--- INFORMATION SHOWN Enclosed Below ---
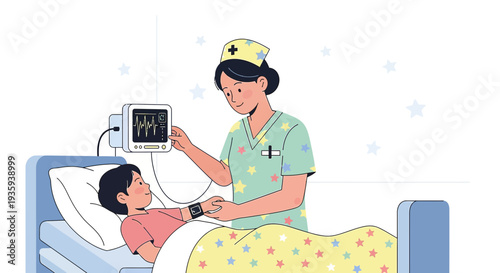 Nurse checks child's vital signs on monitor in hospital room, pediatric care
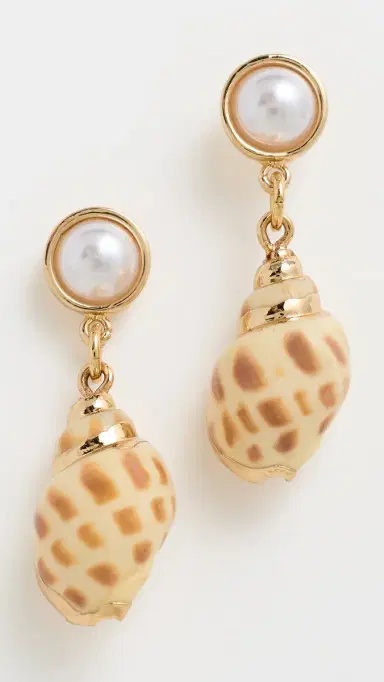 KENNETH JAY LANE Shell Drop Pierced Earrings | Thumbnail 2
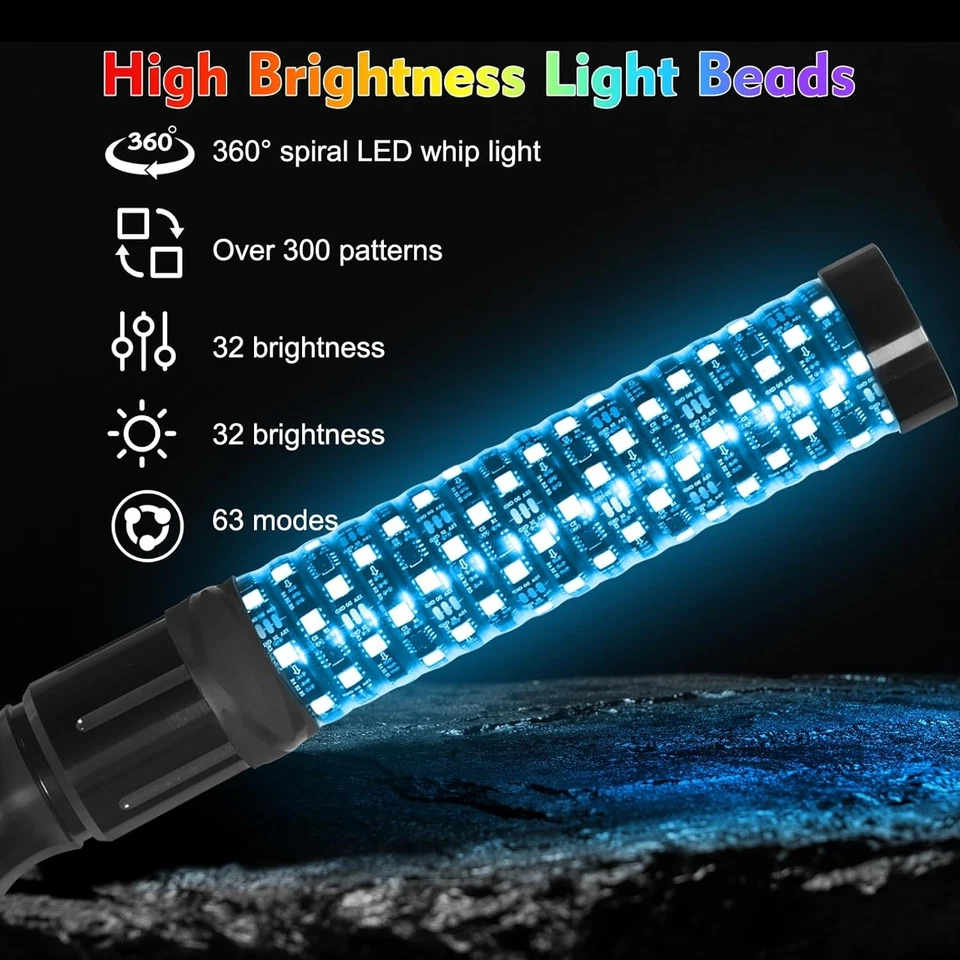 2PCS 1FT Fat LED Whip APP Antenas Whip Light For Can-Am Maverick X3 Max 1000R - Image 2 of 4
--- End of Enclosed INFORMATION SHOWN ---
Verbatim output, no pictures: the line holding "KENNETH JAY LANE" and all lines after it through the last line of the material, with nothing else.

 KENNETH JAY LANE Shell Drop Pierced Earrings | Thumbnail 2
 2PCS 1FT Fat LED Whip APP Antenas Whip Light For Can-Am Maverick X3 Max 1000R - Image 2 of 4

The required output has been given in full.